* [ASSIGNMENT]: The result should be the listing below, restated exactly, with its pictures left out.

* [DATASET CONTENT]:
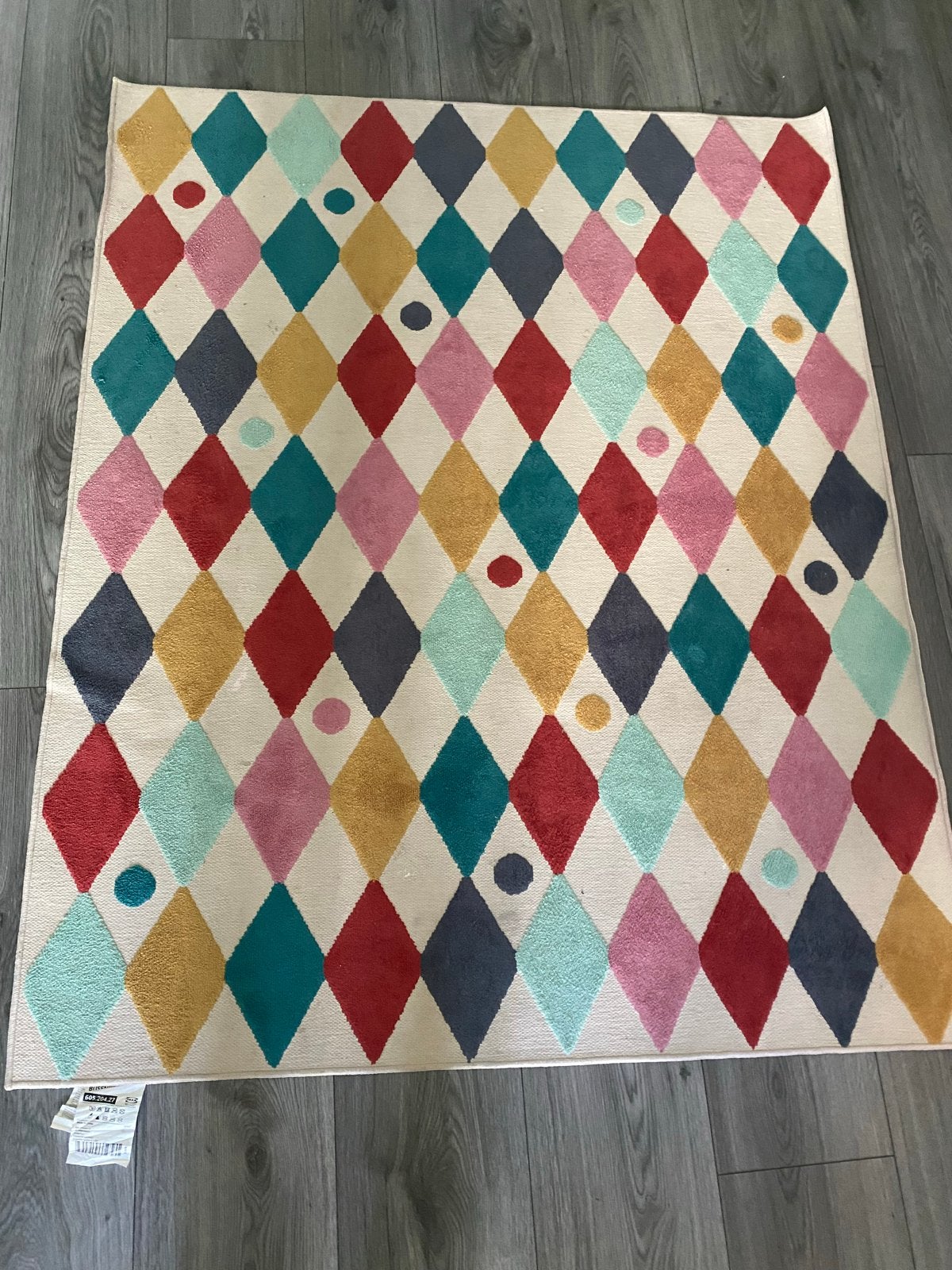 IKEA BUSENKEL Vloerkleed 130x160 cm - Kleurrijk Ruitpatroon, Ophalen, 100 tot 150 cm, Zo goed als nieuw, 150 tot 200 cm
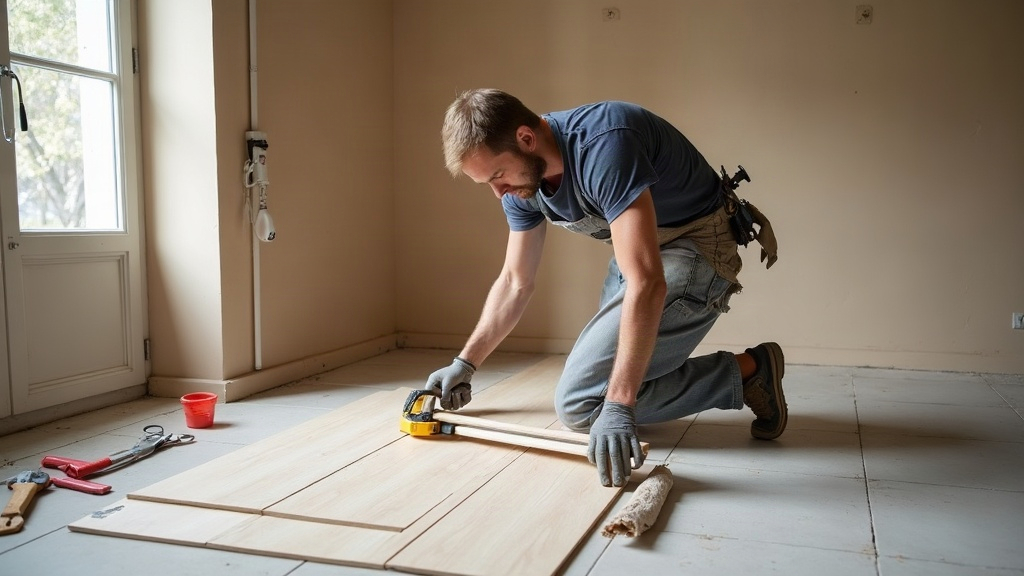 Pose de parquet dans un séjour, artisan installant lames et sous‑couche, rénovation intérieure pose de parquet
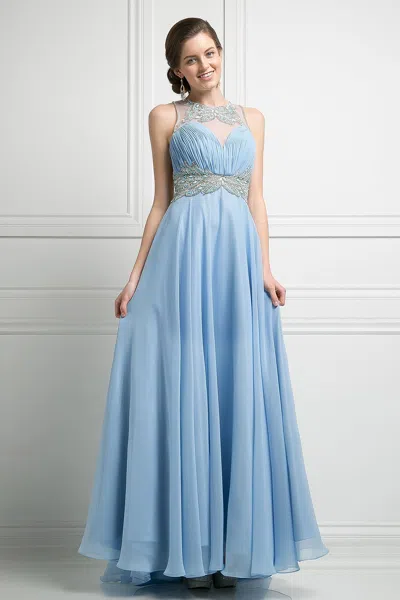 Ladivine Ck78 Long Formal Beaded Evening Prom Dress In Blue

* [SOLVED PROBLEM]:
 IKEA BUSENKEL Vloerkleed 130x160 cm - Kleurrijk Ruitpatroon, Ophalen, 100 tot 150 cm, Zo goed als nieuw, 150 tot 200 cm
 Pose de parquet dans un séjour, artisan installant lames et sous‑couche, rénovation intérieure pose de parquet
 Ladivine Ck78 Long Formal Beaded Evening Prom Dress In Blue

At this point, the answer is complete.